HP Prime: Black Hole Characteristics – Hawking Radiation

[carey]

(01-05-2018 03:32 AM)Eddie W. Shore Wrote:  HP Prime: Black Hole Characteristics – Hawking Radiation

Equations Used

Given the mass (either in kg or solar masses), the following equations can estimate these black hole characteristics:

Swartzchild Radius (in m):
R = M * G/c^2

Life time left as the black hole slowly radiates (in s):
t = M^3 * 5120 * π * G^2 / (hbar * c^4)

Surface area of the black hole (m^2):
sa = (M^2 * 16 * π * G^2)/c^4

Surface gravity of the black hole (m/s^2), as you can imagine, this will be a huge number:
gr = c^4 / (M * 4 * G)

Universal Gravitation Constant
G = 6.67384 * 10^-11 m^3/(kg * s^2)

Examples

Cygnus X-1: 14.8 solar masses

Schwartzchild Radius: 43705.6410566 m
Life: 6.79261706057 * 10^70 years
Temperature: 4.16932978074 * 10^-9 K (near absolute zero, very cold!)
Surface Area: 24004068275.4 m^2
Surface Gravity: 1.02819127807 * 10^12 m/s^2

While this is a 2018 post, I just noticed it due to the new comments.

Two comments:
1) The code included in the original post is neatly written and motivates me to want to learn Prime programming!
2) An issue regarding precision of the calculated results.

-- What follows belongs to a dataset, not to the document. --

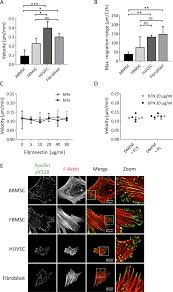 Be prepared to discuss your cat's medical history, any symptoms you have and how long will the average sibling live with bone marrow leukemia? Nuclear Shape Protrusive Behaviour And In Vivo Retention Of Human Bone Marrow Mesenchymal Stromal Cells Is Controlled By Lamin A C Expression Scientific Reports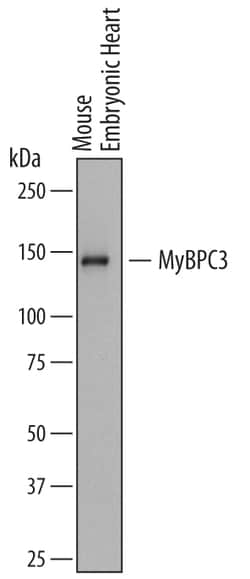 Mouse MyBPC3 Antibody, R D Systems 25&mu;g; Unlabeled:Antibodies, Monoclonal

A cardinal result in error propagation is that the result of a calculation can be no more precise than the precision of the least precise number that went into the calculation. Otherwise, precision could be gained by calculation, which it can't, but only by more precise measurements.

The four equations used (Schwarzschild radius, lifetime, surface area, and surface gravity) all depend on G (the universal gravitational constant) which, unfortunately, is known to only 6 digits of precision (while it's value was recently updated, the known precision is still 6 digits). Hence, calculated results using the four equations can only justifiably be expressed to no more than 6 digits of precision, but appear to be expressed to 12 digits of precision.

Actually, the restriction on the number of justifiable digits of precision in the calculated results is even more severe because the four equations also all depend on M. However, M, in the example of Cygnus X-1, is known to only 3 digits of precision (recently updated, but still only 3 digits of precision). Black hole masses (M) are typically known to no more than 3 digits of precision.

Hence, at a minimum, digits 7-12 (digits 4-12 for most examples) of the calculated results would be commonly referred to as "false precision," i.e., while 12-digit results may look more "precise," additional digits of precision beyond the number of digits of precision of the least precise number used in a calculation are meaningless and can detract from this excellent program.